Ross put down the knife, wiped his hands dry and headed downstairs.
“Good to see you, son.” His father hugged him and slapped him on the back so hard it stung. “You need money?”
“I’m fine.”
“Of course you’re fine. You’re a big deal manager now.” His father surveyed him with pride in his eyes.
“Only on an interim basis. Until they hire someone else.”
His father shrugged, handed him a brush and pointed at a chair. Judging from the unevenness, drips and streaks on the other ones, his mother would be buying that new dining-room set for sure.
“Tell me about this interim job,” his father said.
Ross started talking and before he knew it his mother was shouting down at them that lunch was ready, and he realized he’d been going nonstop for twenty minutes.
“A shame the job’s only temporary,” his dad said, not looking at him. “Since you like it so much.”
“I don’t like it,” he said, pausing. “I don’t hate it. I mean, I like it, but that doesn’t mean I want it.” He thought about yesterday, when he’d been so immersed in planning the production schedule that he hadn’t looked up until after six and hadn’t thought twice about missing his usual pickup game of b-ball. “It’s not that bad a job. It’s interesting and all.”
“Give it time. You’ll grow into it,” his father said. “Nothing good comes easy.”
“I guess.” Maybe he would talk to Saul about trying it for a few more months. At the very least, the work was helping him get over Kara. And he needed something for that. Whenever he thought of her, his heart got a little smaller and tighter. Right now it was a pea-sized knot rattling around in his chest. He frowned and dipped into the stain so hard some slopped over the sides.
“Pretty soon you’ll be buying your own place, finding a nice girl and making a home together,” his father mused. “Your mother would love some grandkids to spoil.”
Now his dad was on him, too. Harassment and love—the double-edged sword of being home.
“Did things turn out the way you expected, Dad?” he asked abruptly. “I mean with Mom and the marriage.”
His father stopped misapplying the stain and turned to him. “Nothing’s ever quite what you expect, Ross, but your mother and I made a nice life.”
“Come on up, boys.” His mother’s voice drifted down to them.
“What about Mom?” Ross said, putting the brush in the can of turpentine. “She always said the family tied her down.”
His father chuckled, putting his brush away, too. “You don’t understand your mother, Ross. Complaining is her way.” His father studied his face. “You don’t believe me? I’ll let you in on a secret.
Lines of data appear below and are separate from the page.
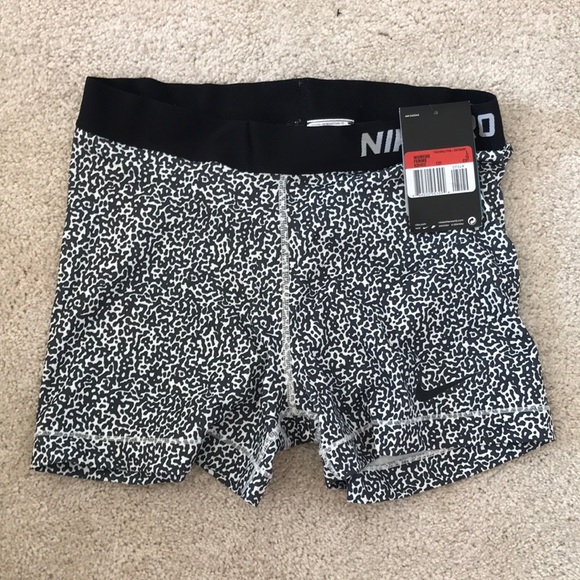 Nike Pants - Nike Pro Training Shorts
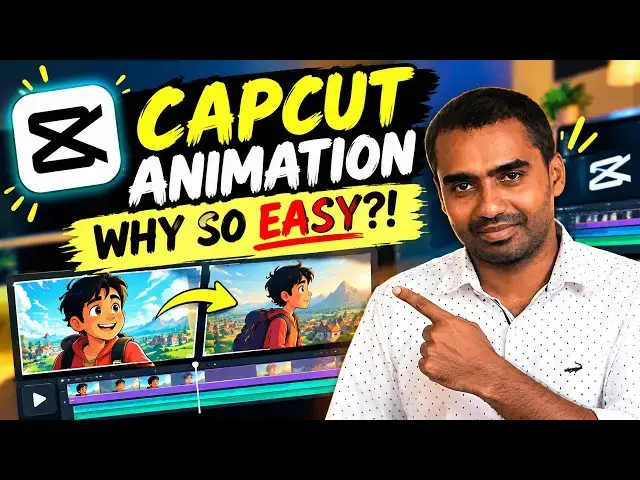 Video thumbnail for CapCut Animation  How to Add Animation in CapCut | Easy Tutorial 2026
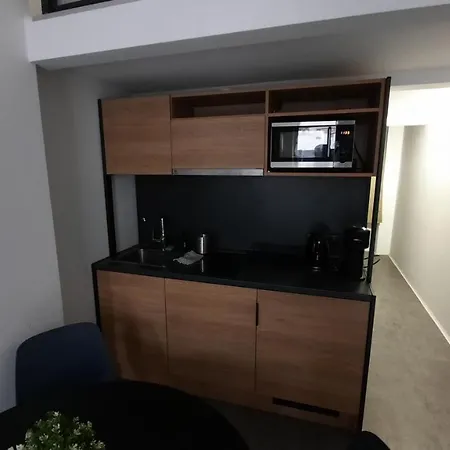 Hi-bp In-budapest Studio Apartman 2 Free Parking Appartamento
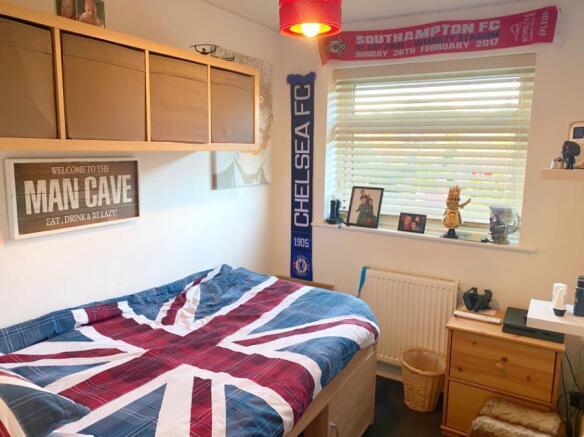 Bedroom Three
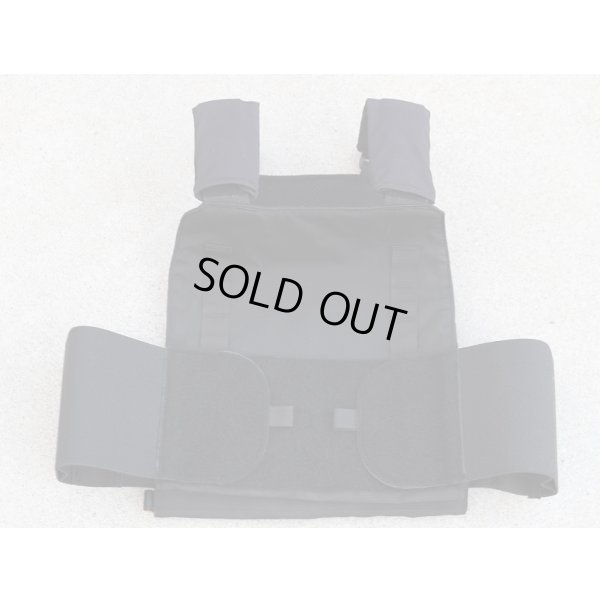 画像1: DSS用ベロシティシステムズLVCアーマーキャリア黒SMALL新品
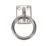 Smith & Locke Stainless Steel Ring on Plate 50mm x 40mm 2 Pack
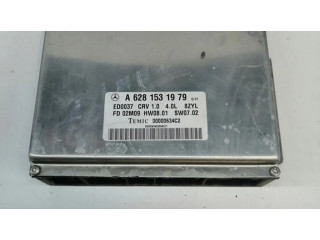 Řídící jednotka A6281531979   Mercedes-Benz ML W163 2002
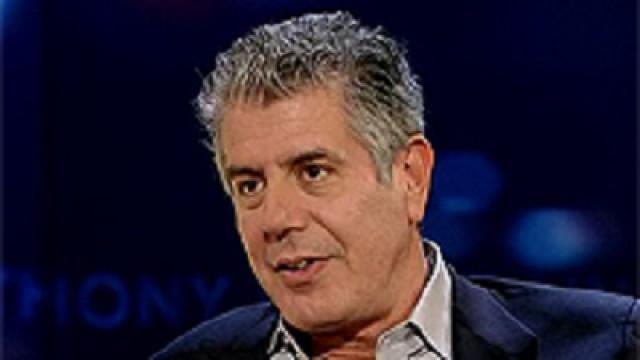 Anthony Bourdain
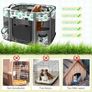 Portable Pet Dog Cat Playpen Image 6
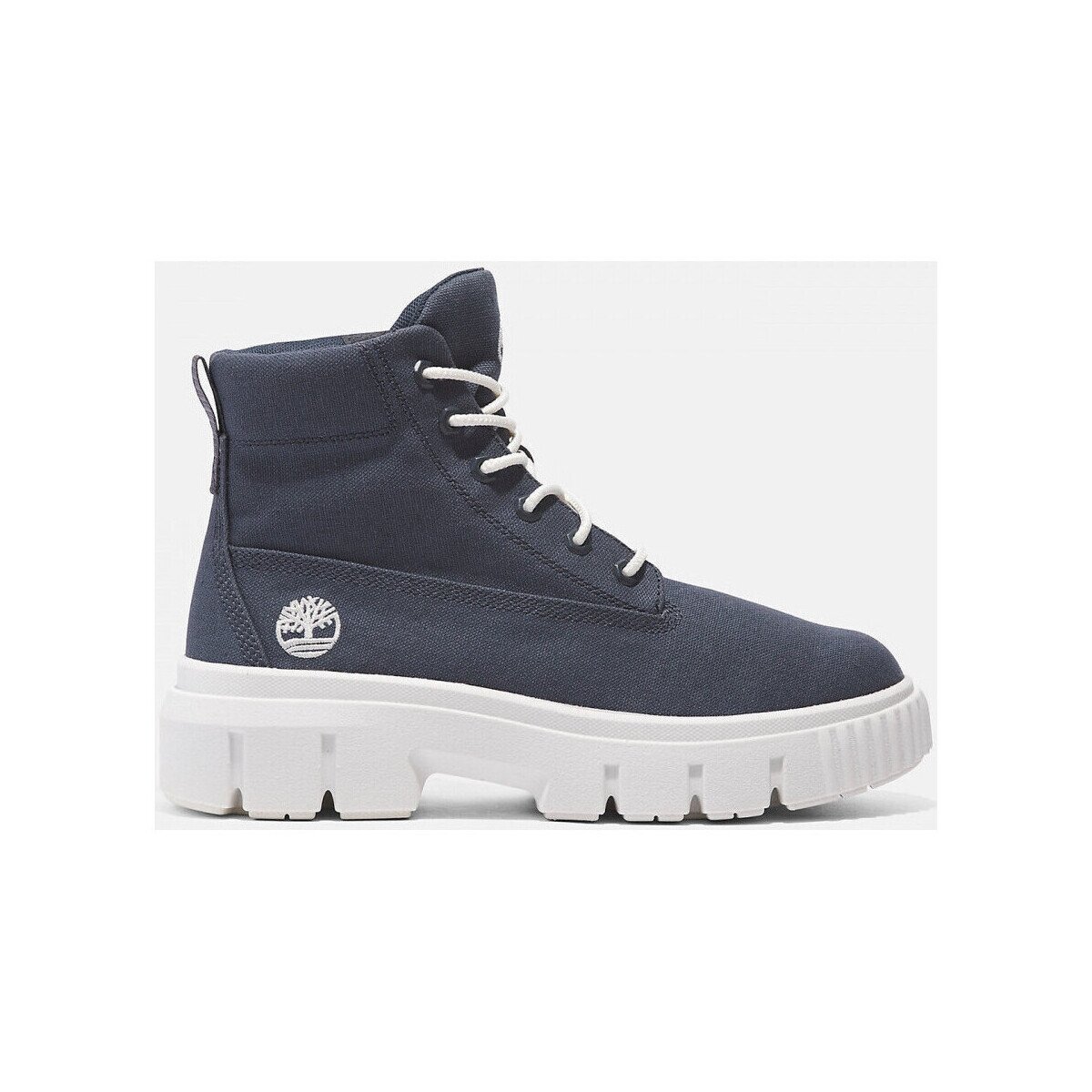 Timberland Pantofi Greyfield mid lace up boot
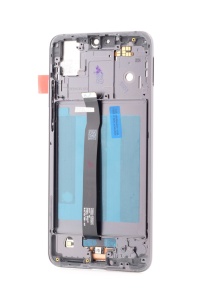 LCD Huawei P20, Negru + Rama - pentru înlocuirea ecranului,  disponibil pe thenx.net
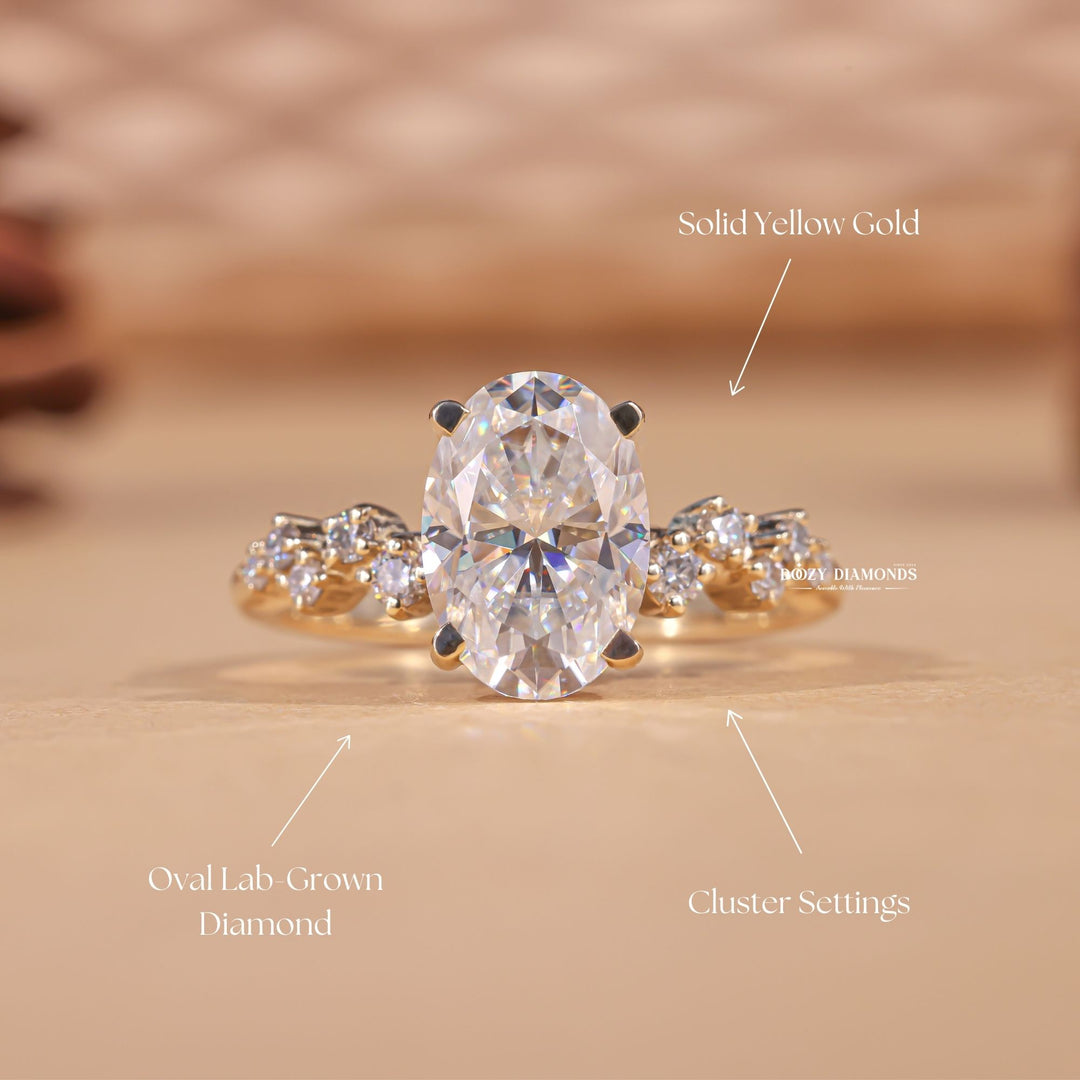 Oval unique diamond engagement ring, Oval custom diamond engagement ring, Oval affordable diamond engagement ring, Oval luxury diamond engagement ring, Oval discount diamond engagement ring, Oval designer diamond engagement ring,
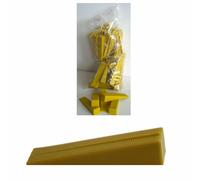 DISTANZIATORI LIVELLANTI 1mm/ 1.5mm/ 2mm/ 3mm AUTOLIVELLANTI CUNEI PIASTRELLE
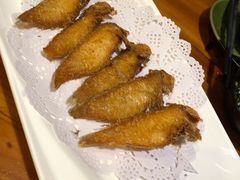 炸英哥鱼-金穗园·砂锅粥.醉鸡煲火锅(长寿路店)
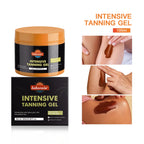 Intensive Tanning Gel for Sun-Kissed Skin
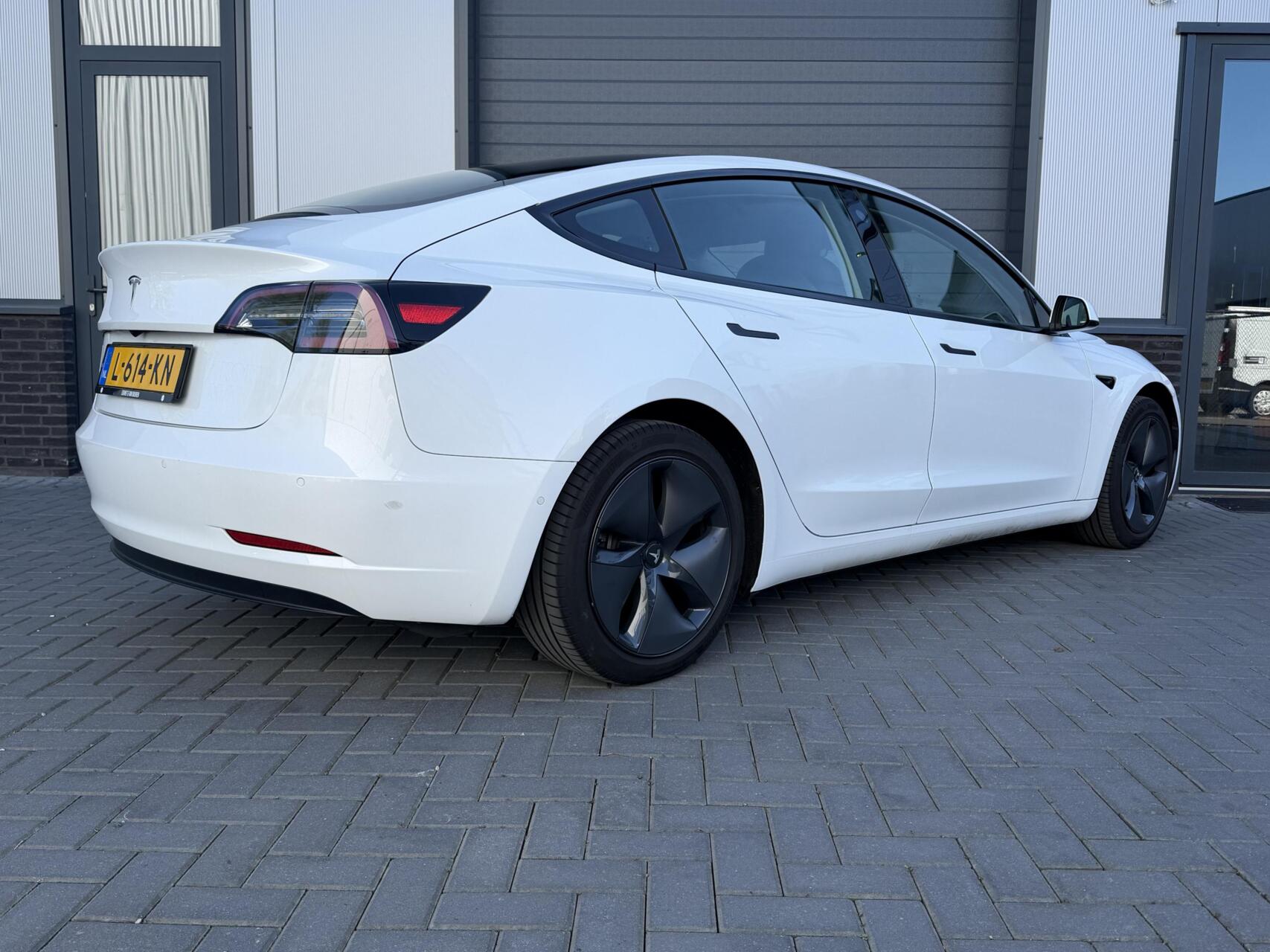 Foto van Tesla Model 3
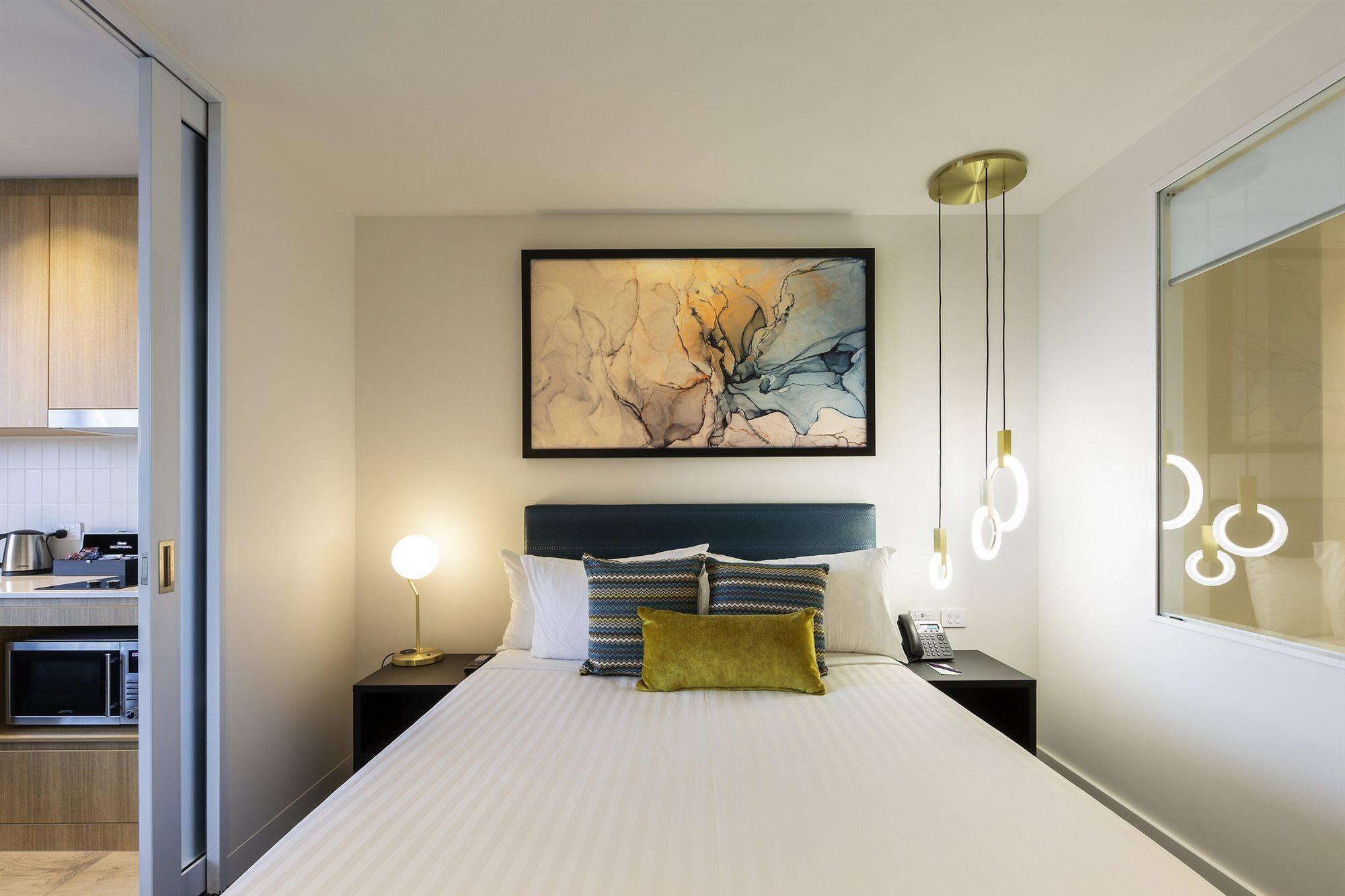Mercure Canberra Belconnen Buitenkant foto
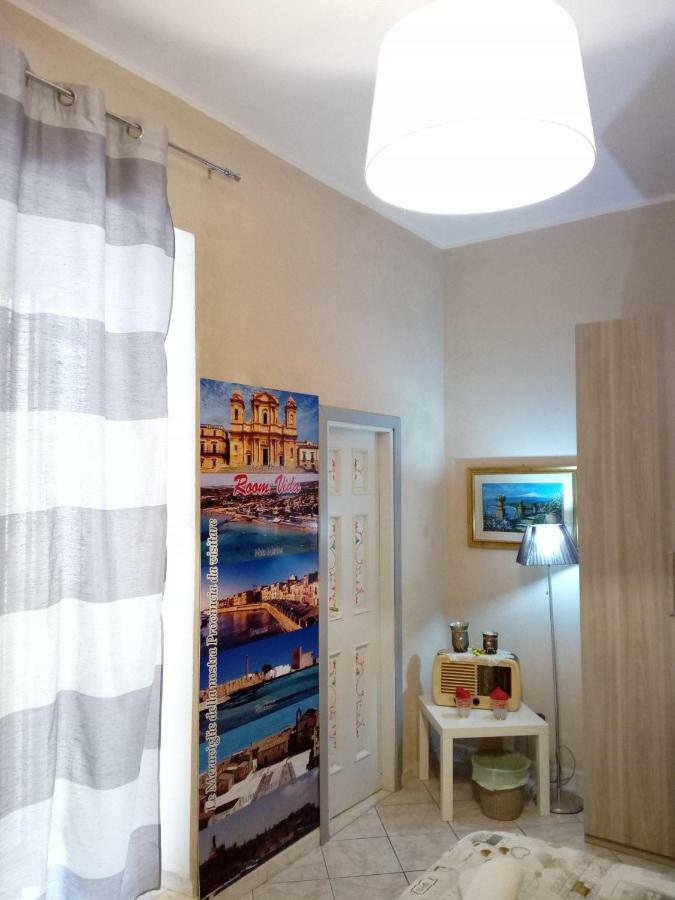 Ospitalita Barocca Room Vida 诺托 外观 照片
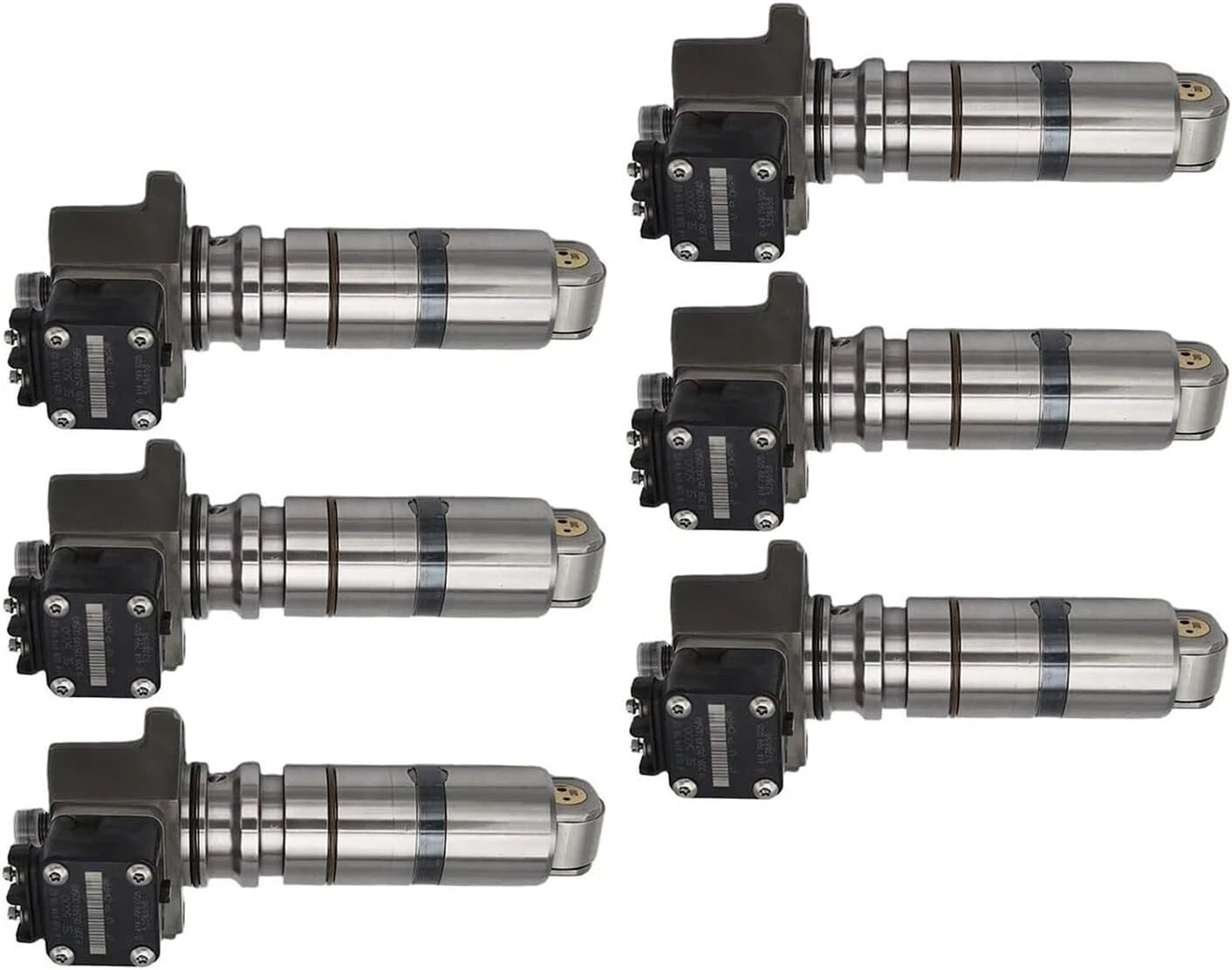 6X Fuel Unit Pump 0280746902 for Mercedes OM 904-906-926 LA (11.7-12.0L)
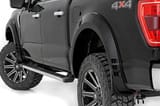 SF1 Fender Flares | Gloss Black | Ford F-150 2WD/4WD (2021-2026) view 1
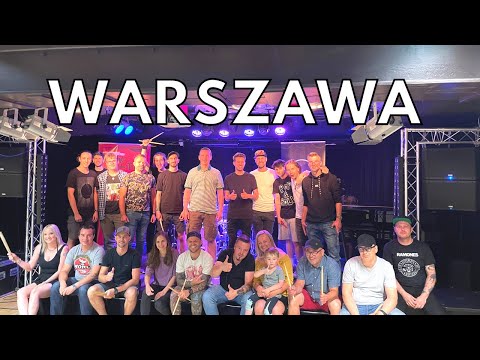 Videorelacja z warsztatów w Warszawie - 16.07.22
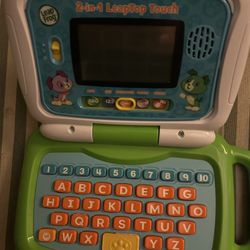 3 Leap Frog Child’s Learning Computer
Your mother left us once.”
“What?”
“Remember when she went to help her sister in Austin?”
“Vaguely.”
“You were too young to grasp much, thank goodness. It was a trial separation. Really threw me for a loop. But she came back after only a month. She didn’t talk about it and I never pressed her, but I know that your mother realized she was happier here with me and you kids and all the hassles that went with us than off on her own.”
“Are you sure?”
“Let me show you something.” His father led the way upstairs and pointed to the wall of family photos—shots of him and his sisters in the yard, at their cabin on Oak Creek, in the hotel they used to go to in Flagstaff for a taste of snow each winter, picnics at Encanto Park, Thanksgiving dinners, trips to Disneyland.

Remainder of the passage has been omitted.